Top Almost-Top Chef: All-Stars Predictions
By Rebecca GreeneThis week marked the return of my favorite reality cooking competition show that airs on Wednesdays during the winter season and has the word "Top" in its title, Top Chef. Taking a page out of A Christmas Carol, season 8 will feature All-Stars from seasons past. No complaints from me – last season was so bland (pun intended) I was hungering (count it) for a return of previous favorites like the delicious (plus the foul) Fabio Viviani from season 5 and the spicy (too far?) Jennifer Carroll from season 6.
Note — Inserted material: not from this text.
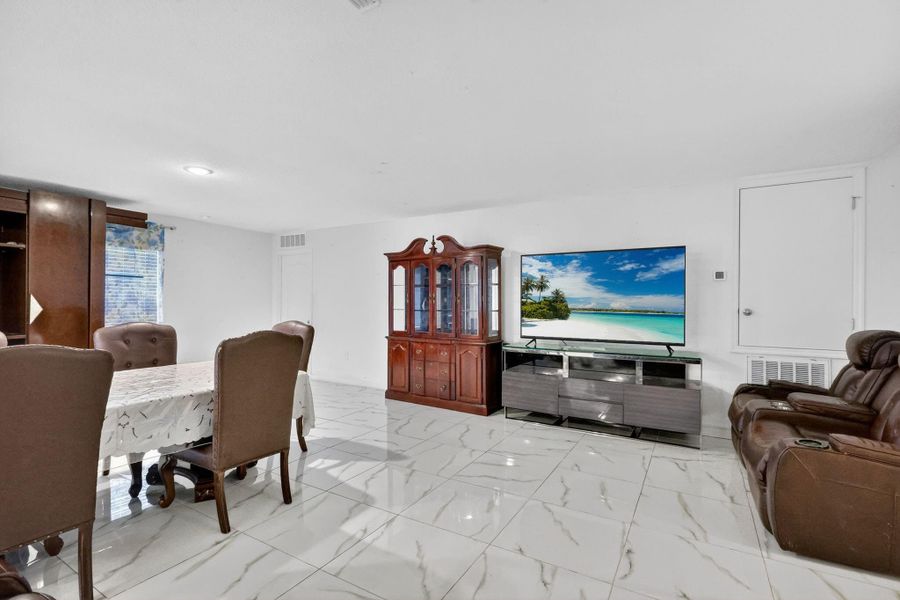 Furnished interior view inside a new home in , Fort Pierce (Image 29).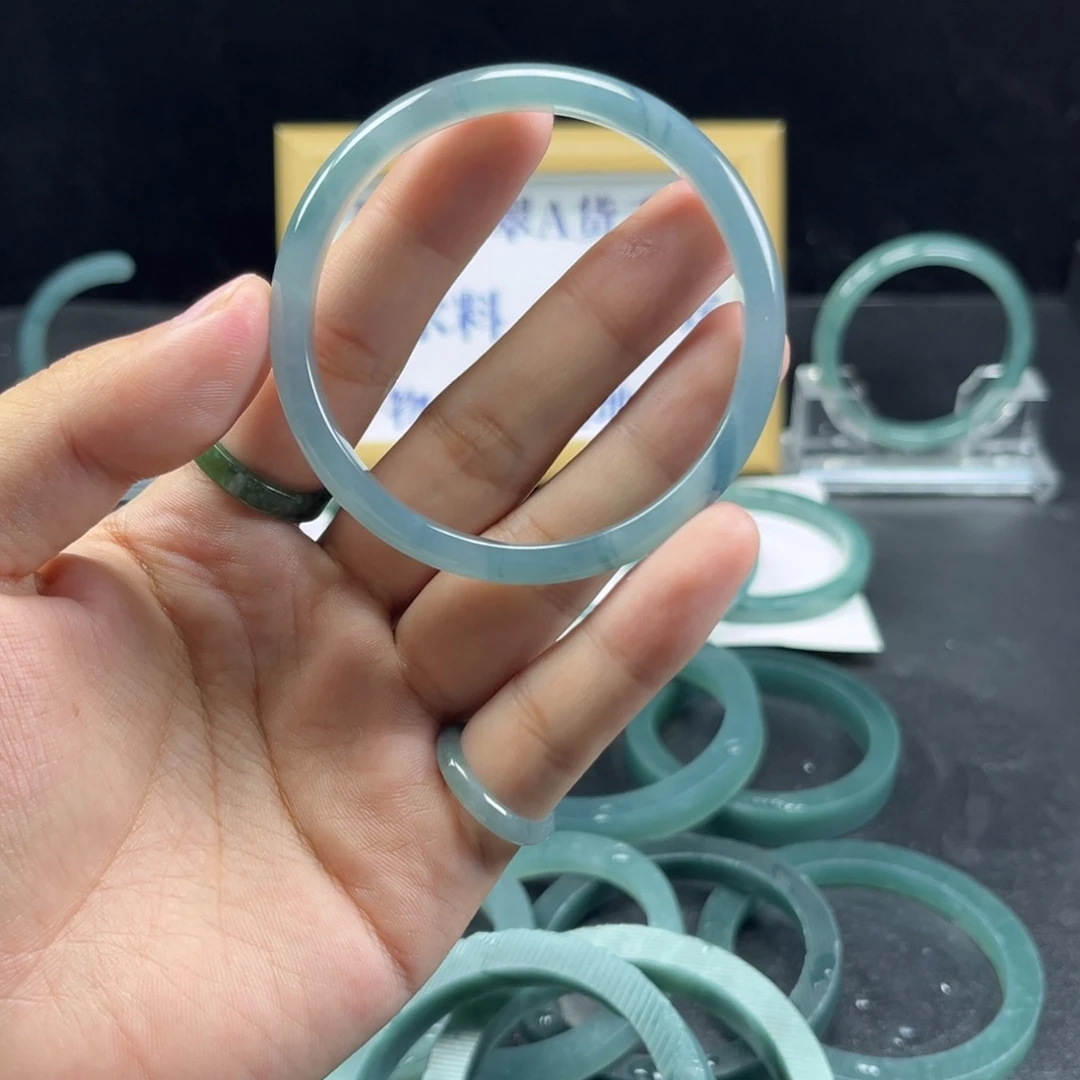 ****翡翠未镶嵌手镯手镯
Sad about a few missing faces, though, including season 2’s hunkalicious fan favorite Sam Talbot, the chef you love to hate from season 5, Stefan Richter and season 6 runners-up, Bryan Voltagio and Kevin Gillespie aka Red Beard. Happy, however, that objectively worst finalist ever Lisa Fernandes from season 4 did not make it back.
The quickfire challenge this week asked chefs from each season to team up to create a dish that represents the city where their season took place – at stake was immunity from elimination and bragging rights as the best season ever. Season 4 chefs (led by Professor Blais) won it with pork and black pepper sausage with mustard ice cream. After vomiting a little in my mouth, that got me wondering which of the previous 7 seasons viewers thought was the best, according to my good friend and confidante, Nielsen. Coincidentally, it was none other than season 4.
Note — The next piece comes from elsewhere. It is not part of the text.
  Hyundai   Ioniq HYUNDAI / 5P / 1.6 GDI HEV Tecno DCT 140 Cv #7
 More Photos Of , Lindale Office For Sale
The graph below shows the number of viewers tuning in for each season’s premiere. The success of season 4 is clear from the jump in the number of viewers experienced by the season 5 premiere: 440,000 or a 20% increase in viewers year-over-year. Surprisingly, though, the numbers also indicate that my favorite season, season 6, which featured the rivaling Voltagio Brothers and won the show its first Emmy for Best Reality-Competition Program (ending The Amazing Race's 7-year winning streak), had the worst impact on viewership. Following that season, 800,000 fans decided against watching season 7.
The elimination challenge required each chef to face his or her worst culinary nightmare: confronted with the ingredients from the dish that sent them home in their season, the chefs had to recreate their dishes, this time successfully. Some of the more memorable dishes that sent chefs packing were successfully vindicated, including Spike’s infamous frozen scallops and Asian Dale’s butterscotch miso scallops.
However, for three of the chefs the second time still wasn’t a charm. Fabio got reamed by Judge Anthony Bourdain for the peasant-like presentation of his dish and the thickness of his sauce; Stephen’s trio of dishes were deemed "unbalanced" and Elia’s red snapper was apparently too raw to eat. Famous last words of Elia: "I should have tasted the fish." (Chips Adoy!) At first I was surprised that Elia was the first chef to fall. Her 11th hour G.I. Jane fiasco aside, I had fond memories of Elia as a strong contender for the win in season 2. But was my memory deceiving me?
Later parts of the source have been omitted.